Supplied data:
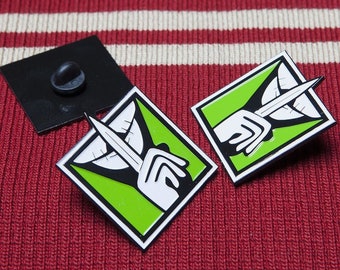 Caveira Six Siege Enamel Pin – Rainbow Six Collectible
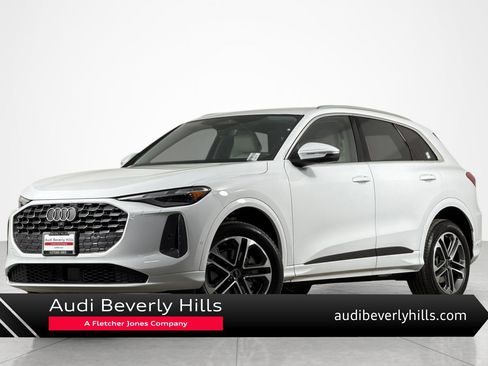 Used 2025 Audi Q5 Premium w/ Convenience Package AWD/4WD image 1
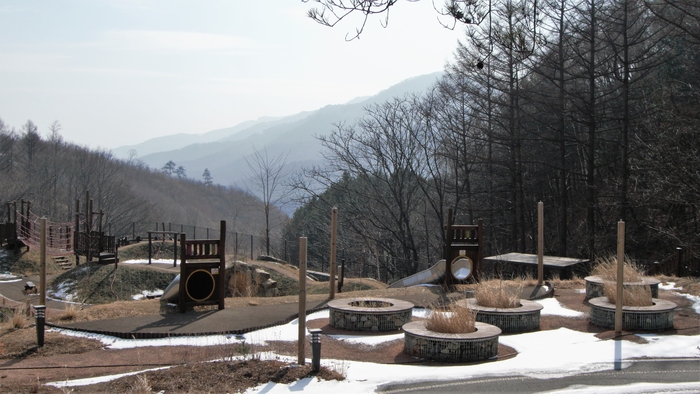 캠핑장 앞은 어린아이들을 위한 생태놀이터다. 지형을 활용한 미끄럼틀, 모래놀이, 언덕 오르기, 그물 놀이 등의 시설이 귀엽게 자리한다.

Action item: An exact transcription of the data above is needed, without the pictures.

Output for this task:
 Caveira Six Siege Enamel Pin – Rainbow Six Collectible
 Used 2025 Audi Q5 Premium w/ Convenience Package AWD/4WD image 1
 캠핑장 앞은 어린아이들을 위한 생태놀이터다. 지형을 활용한 미끄럼틀, 모래놀이, 언덕 오르기, 그물 놀이 등의 시설이 귀엽게 자리한다.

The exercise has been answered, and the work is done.